Trio of Edward Burtynsky films streams at VIFF as part of Capture Photography Festival, April 9 to May 6

In Jennifer Baichwal’s documentaries Manufactured Landscapes, Watermark, and Anthropocene, photographer’s images find terrible beauty in environmental destruction

An Edward Burtynsky aerial photograph from Watermark, directed by Jennifer Baichwal.

An Edward Burtynsky aerial photograph from Watermark, directed by Jennifer Baichwal.

 
 

Capture Photography Festival and VIFF present Manufactured Landscapes, Watermark, and Anthropocene: The Human Epoch from April 9 to May 6.

 

IT’S HARD TO believe it was 15 years ago that we first saw the starting tracking shot that opened director Jennifer Baichwal’s Manufactured Landscapes.
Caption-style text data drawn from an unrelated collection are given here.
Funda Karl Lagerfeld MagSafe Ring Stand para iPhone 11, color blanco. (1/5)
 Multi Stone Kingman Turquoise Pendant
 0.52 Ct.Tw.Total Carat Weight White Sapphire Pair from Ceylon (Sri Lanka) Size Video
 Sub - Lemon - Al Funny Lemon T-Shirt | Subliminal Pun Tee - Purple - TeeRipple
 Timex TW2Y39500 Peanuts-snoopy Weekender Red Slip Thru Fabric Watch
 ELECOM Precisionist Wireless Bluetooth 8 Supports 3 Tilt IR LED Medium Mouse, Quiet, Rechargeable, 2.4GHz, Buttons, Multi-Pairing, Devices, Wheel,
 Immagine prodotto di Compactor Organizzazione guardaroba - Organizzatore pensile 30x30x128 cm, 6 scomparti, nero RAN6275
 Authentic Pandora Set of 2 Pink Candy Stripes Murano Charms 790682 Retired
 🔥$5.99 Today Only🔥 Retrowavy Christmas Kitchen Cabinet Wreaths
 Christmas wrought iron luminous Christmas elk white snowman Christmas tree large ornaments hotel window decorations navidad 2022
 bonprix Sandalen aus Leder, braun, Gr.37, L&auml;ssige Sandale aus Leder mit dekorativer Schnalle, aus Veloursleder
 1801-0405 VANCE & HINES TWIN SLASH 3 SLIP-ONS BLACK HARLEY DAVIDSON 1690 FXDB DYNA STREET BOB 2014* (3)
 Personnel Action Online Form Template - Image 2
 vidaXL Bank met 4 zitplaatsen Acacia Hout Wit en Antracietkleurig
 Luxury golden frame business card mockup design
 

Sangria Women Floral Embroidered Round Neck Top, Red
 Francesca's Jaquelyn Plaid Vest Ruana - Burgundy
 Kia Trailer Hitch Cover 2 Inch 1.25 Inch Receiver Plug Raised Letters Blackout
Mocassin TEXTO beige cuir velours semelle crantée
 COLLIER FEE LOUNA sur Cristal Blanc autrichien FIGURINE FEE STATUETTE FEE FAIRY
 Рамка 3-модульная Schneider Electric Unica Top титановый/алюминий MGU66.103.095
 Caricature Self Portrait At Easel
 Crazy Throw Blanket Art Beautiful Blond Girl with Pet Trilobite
The now famous, mindboggling scene spends eight uniterrupted minutes passing by the hundreds of workbenches that cover kilometers of floorspace in China’s Factory of the World. It’s a disorienting and stunning encapsulation of the speed and scale of industrialization in China.

The shot introduces a movie—and a trilogy of films—that alternately shock and mesmerize viewers. All three are on view in a special package marking the 15th anniversary of the first documentary in the series.

With Manufactured Landscapes, Baichwal coined a new kind of unsettling visual essay, following famed Canadian photographer Edward Burtynsky as he visited and lensed not just city-sized factories, but apocalyptic coal mines, ship graveyards, slag heaps, and e-waste dumps around the globe.

Eight years later, Burtynsky reteamed with Baichwal, stepping in to codirect the equally visually arresting Watermark—complete with its own awesome and curiosity-provoking opening shot, which turns out to be the gushing water of China’s colossal Xiaolangdi Dam.

But it's the last in these three-part series of collaborations, 2019’s Anthropocene: The Human Epoch, that ranks as the most disturbing—Burtynsky and Baichwal capturing landscapes that have been destroyed in even more alarming and surreal ways. As Kenyan officials burn mountains of illegal ivory, bulldozers rip apart Italian quarries, and green-glowing lithium pools form in Chile, things start to resemble a sci-fi nightmare, if not Biblical end times. Alicia Vikander is on hand this time to underline the urgency through narration, citing distressing stats on deforestation, extinction, and air quality.

You can watch all three for 10 bucks as part of the Capture Photography Festival Film Pack. Make sure you can stream to the biggest screen in your house to see Burtynsky's mesmerizing shots in all their horrifying beauty.